NEW YORK, Oct 22 (Reuters) - Automakers' bonds took a hit for a second day on Wednesday as a ratings warning on Ford Motor Co. spurred selling in the sector and pushed yield spreads wider on lower-quality corporate debt.

"Higher quality stuff is hanging in, maybe a basis point wider," said one corporate bond trader. "It seems like an up-in-quality trade in here. No one is selling the higher quality stuff." A basis point is 0.01 percentage point.

Bonds of lower-rated companies were pummeled after Standard & Poor's on Tuesday warned that it might cut its ratings on Ford to one notch above junk. S&P also downgraded its ratings on DaimlerChrysler by one notch and affirmed General Motors Corp.'s ratings with a negative outlook.

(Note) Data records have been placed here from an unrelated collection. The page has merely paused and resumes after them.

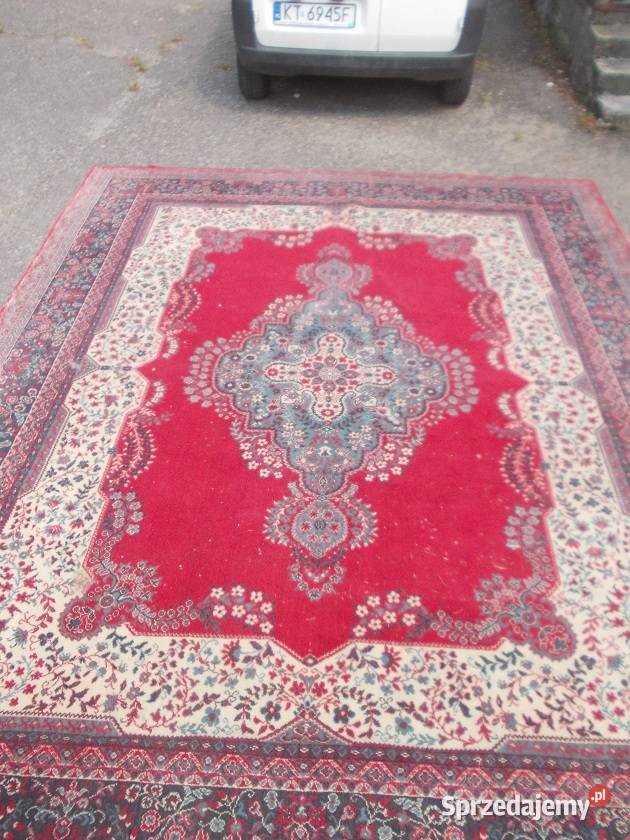 Stary duży dywan tkany 400 x 300 wełniany
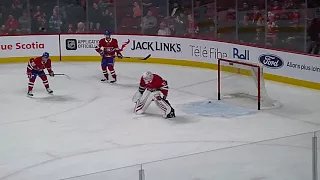 Montreal Canadiens goalie Antti Niemi warms up 2/10/18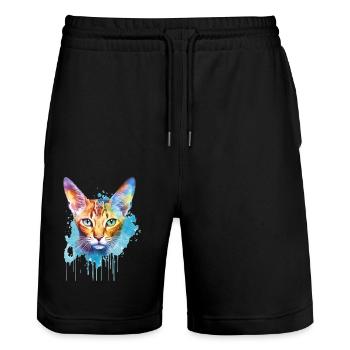 Eine farbenfrohe Siamkatze - Stanley/Stella Unisex Bio Joggingshorts Trainer  - Schwarz - Vorne - Nik (191cm) & Marisol (170cm)
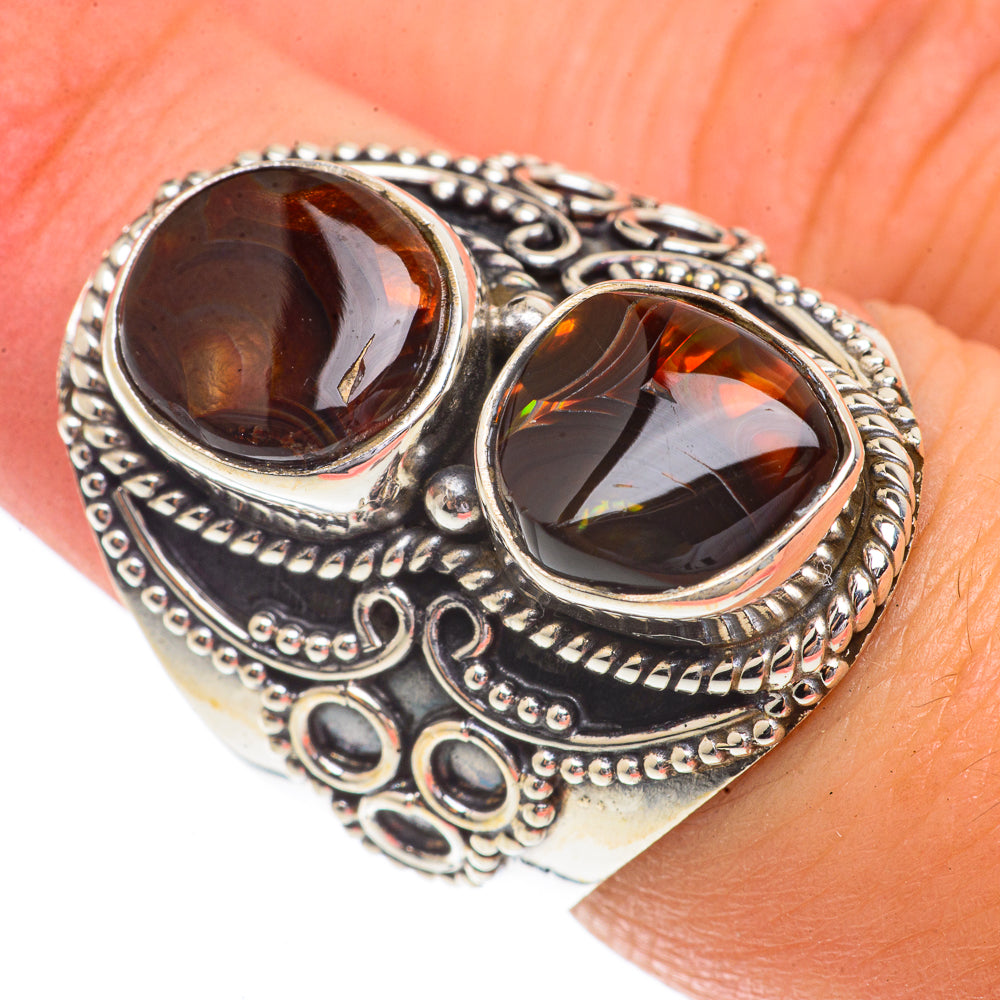 Mexican Fire Agate Rings handcrafted by Ana Silver Co - RING66435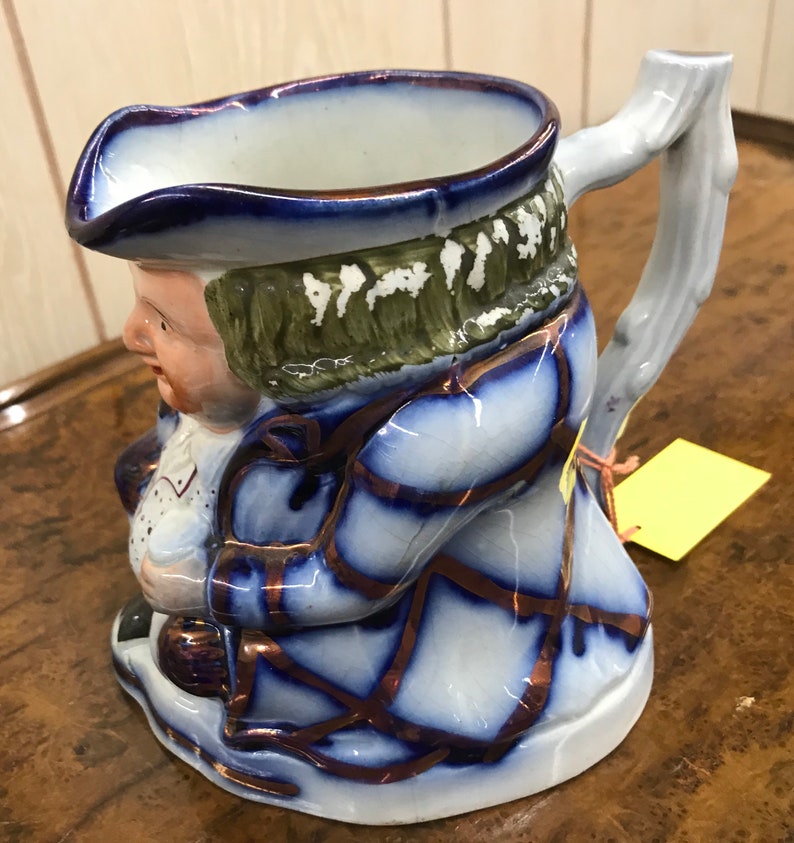 Flow Blue English TOBY Jug with Copper Luster c 1840-1900 Staffordshire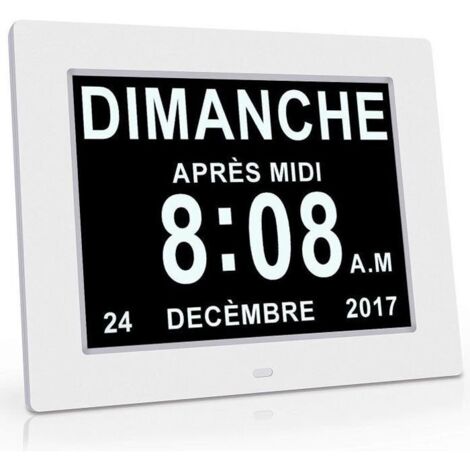 Horloge Calendrier à Atténuation Automatique - Idéal pour Personnes Âgées, Alzheimer et Enfants - Blanc (1/4)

"Ford (bonds) had done very well over the last several weeks and they have basically given a lot of that performance back with the S&P action," said Steve Nelson, portfolio manager for AXA Investment Managers.

Ford's bonds widened by about 0.35 percentage point on Wednesday, traders said, bringing their two-day widening to about 0.65 percentage point.

Although automakers' bonds make up only about 6 percent of the corporate bond market, based on their market value, they have a disproportionate impact because their yields spreads are the widest of any major sector, said Jeffrey Rosenberg, head of credit strategy research at Banc of America Securities.

"There's a tremendous concentration of risk and hence yield in the auto sector, and that's why it has such an important influence on the market," he said.

The auto sector turmoil may have raised borrowing costs for Telecom Italia Capital , which boosted yields on its $4 billion bond sale on Wednesday. Investors said yields were raised to compensate for widening yield spreads on lower-rated bonds.

Telecom Italia Capital, a unit of Italy's dominant phone group, sold five-year notes yielding 0.83 percentage point more than Treasuries, 10-year notes yielding 1.03 percentage points more than Treasuries, and 30-year bonds yielding 1.28 percentage points more than Treasuries, all about 0.03 percentage point wider than earlier guidance.

In other markets, benchmark 10-year U.S. Treasury notes rose 22/32, yielding 4.258 percent, as skidding stock prices raised the appeal of safe-haven debt.